-- TASK TO COMPLETE --
Exactly as they appear, output all of the records. Skip any images.

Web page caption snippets
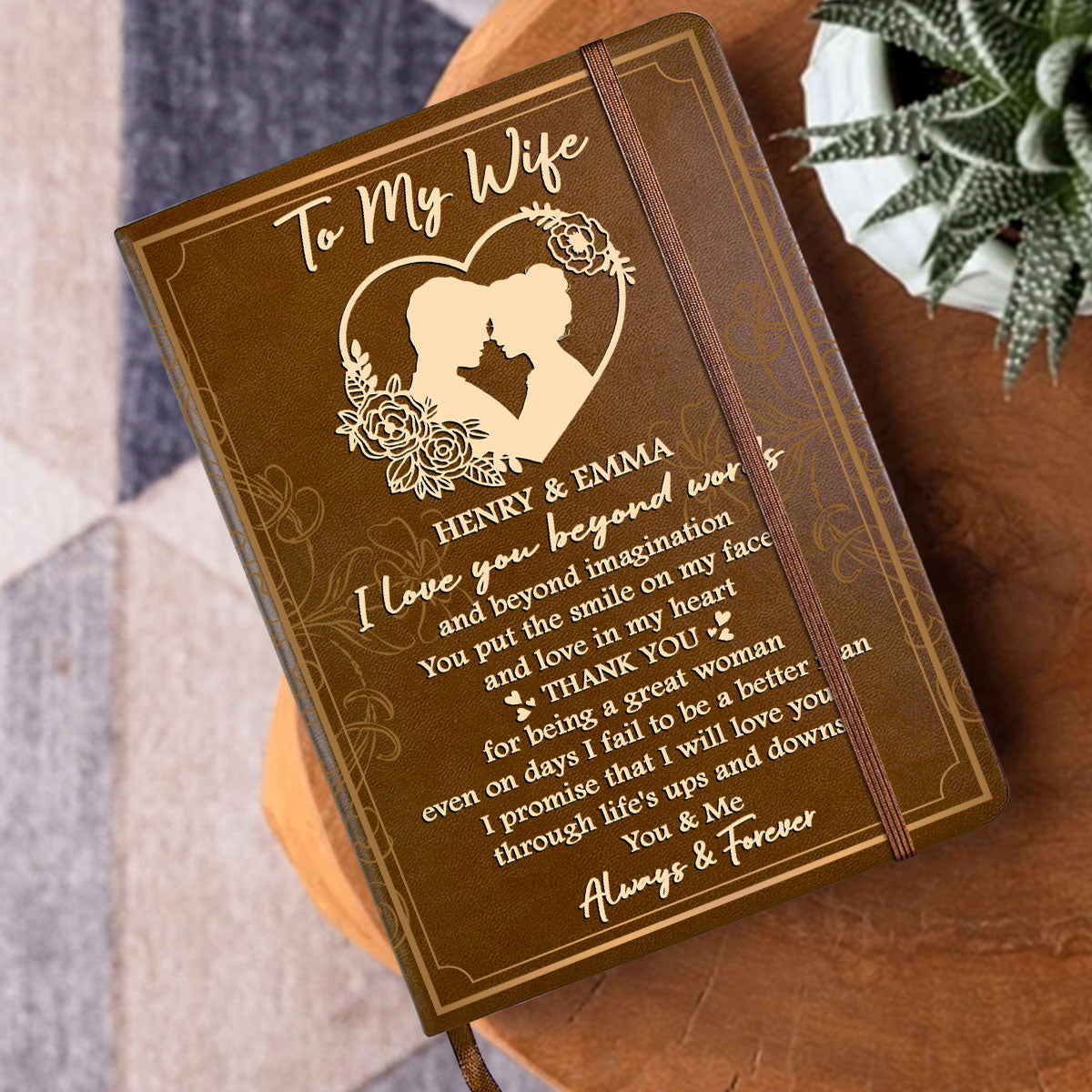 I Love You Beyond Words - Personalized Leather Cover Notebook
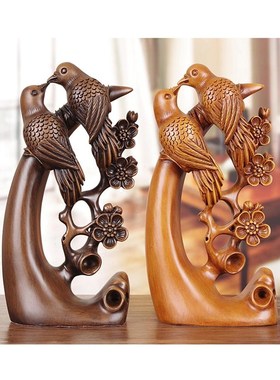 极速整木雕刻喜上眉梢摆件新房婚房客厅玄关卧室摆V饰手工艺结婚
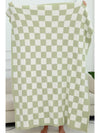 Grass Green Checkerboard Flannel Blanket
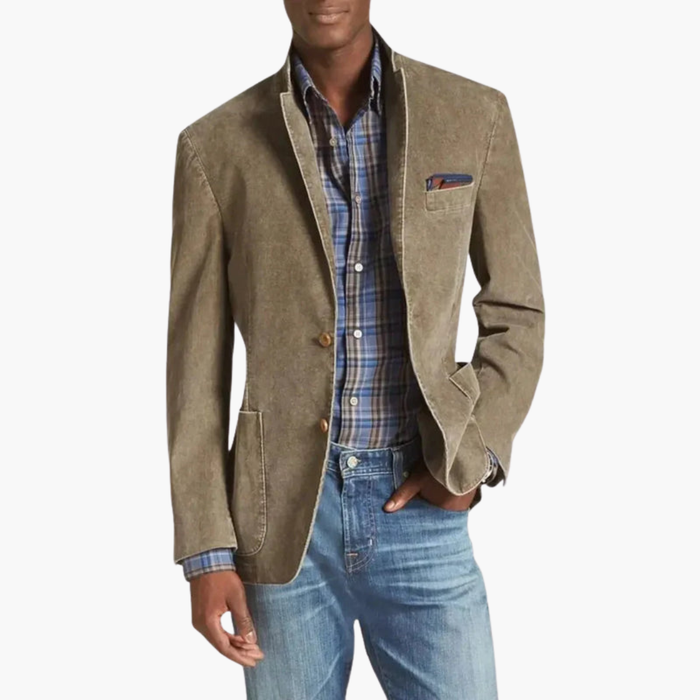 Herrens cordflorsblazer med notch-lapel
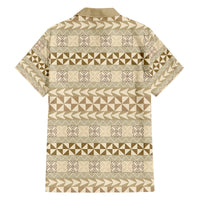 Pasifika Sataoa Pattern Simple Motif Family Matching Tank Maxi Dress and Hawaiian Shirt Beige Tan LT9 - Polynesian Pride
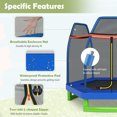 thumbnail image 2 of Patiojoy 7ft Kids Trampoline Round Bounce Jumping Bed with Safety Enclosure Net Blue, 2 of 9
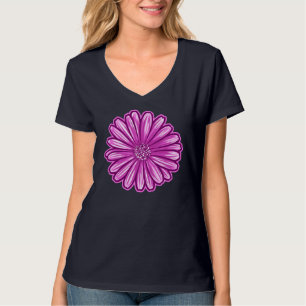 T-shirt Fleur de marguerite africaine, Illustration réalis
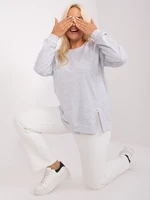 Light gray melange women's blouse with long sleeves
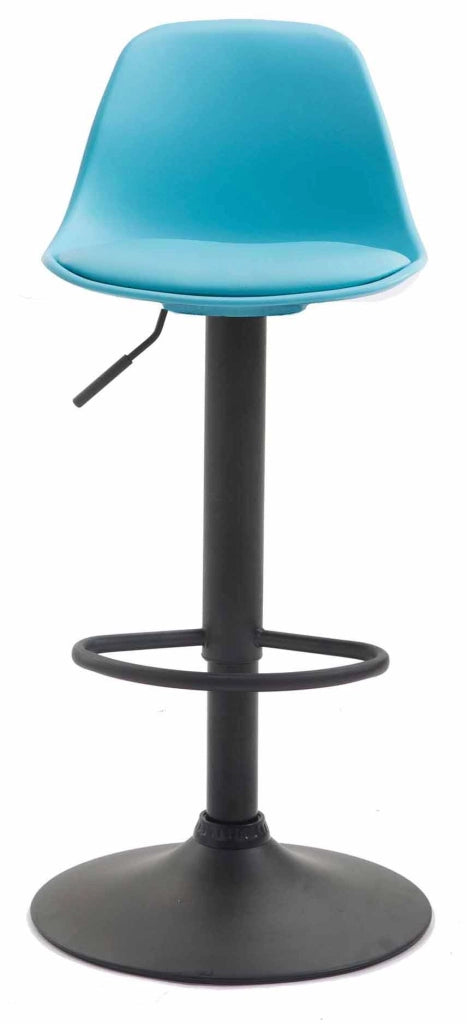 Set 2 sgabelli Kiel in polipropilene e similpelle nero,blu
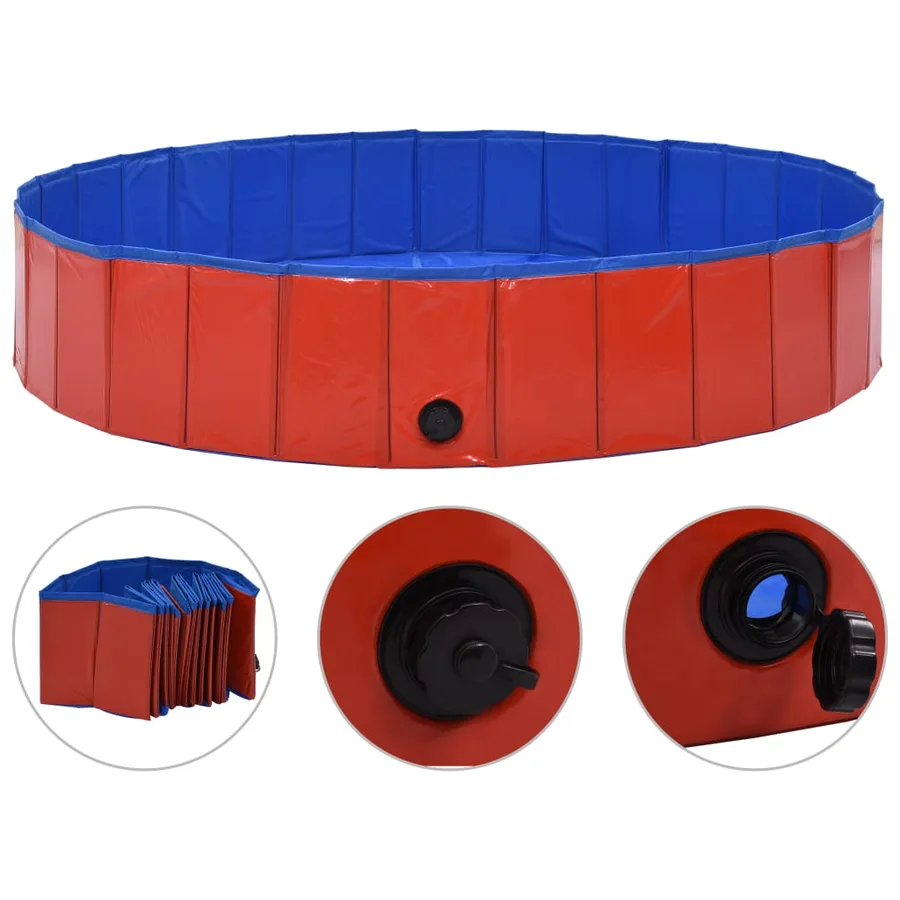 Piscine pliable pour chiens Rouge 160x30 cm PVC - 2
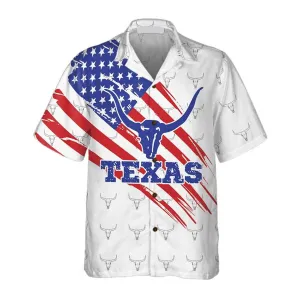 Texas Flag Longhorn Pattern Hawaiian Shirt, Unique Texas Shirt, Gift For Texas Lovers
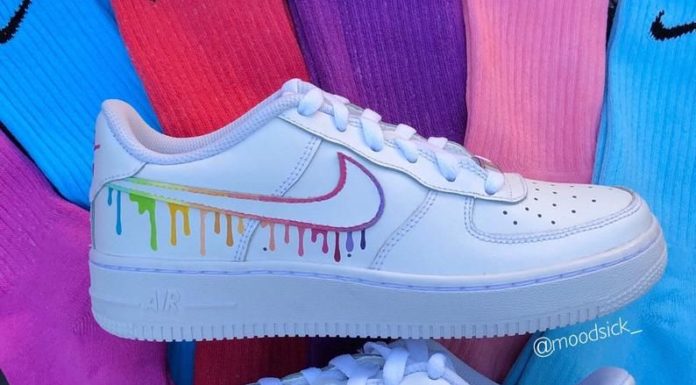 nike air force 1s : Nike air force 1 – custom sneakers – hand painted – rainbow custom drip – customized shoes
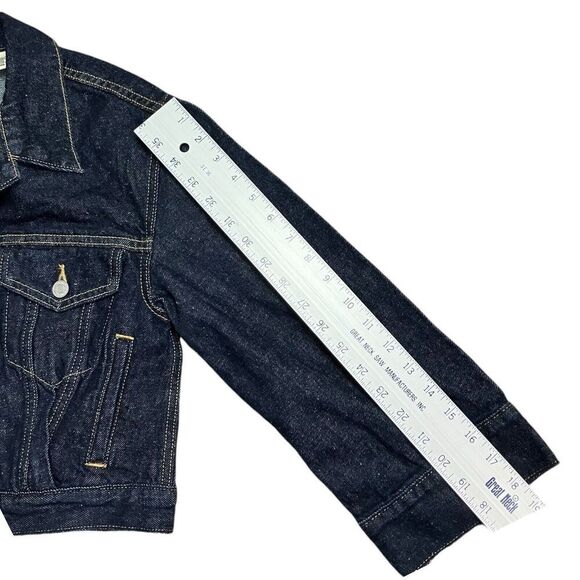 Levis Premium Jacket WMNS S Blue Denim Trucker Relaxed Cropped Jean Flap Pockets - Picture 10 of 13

-- REPLY --
 I Love You Beyond Words - Personalized Leather Cover Notebook
 极速整木雕刻喜上眉梢摆件新房婚房客厅玄关卧室摆V饰手工艺结婚
 Grass Green Checkerboard Flannel Blanket
 Herrens cordflorsblazer med notch-lapel
 Pasifika Sataoa Pattern Simple Motif Family Matching Tank Maxi Dress and Hawaiian Shirt Beige Tan LT9 - Polynesian Pride
 thumbnail image 2 of Patiojoy 7ft Kids Trampoline Round Bounce Jumping Bed with Safety Enclosure Net Blue, 2 of 9
 T-shirt Fleur de marguerite africaine, Illustration réalis
 Light gray melange women's blouse with long sleeves
 Set 2 sgabelli Kiel in polipropilene e similpelle nero,blu
 Piscine pliable pour chiens Rouge 160x30 cm PVC - 2
 Texas Flag Longhorn Pattern Hawaiian Shirt, Unique Texas Shirt, Gift For Texas Lovers
 nike air force 1s : Nike air force 1 – custom sneakers – hand painted – rainbow custom drip – customized shoes
 Levis Premium Jacket WMNS S Blue Denim Trucker Relaxed Cropped Jean Flap Pockets - Picture 10 of 13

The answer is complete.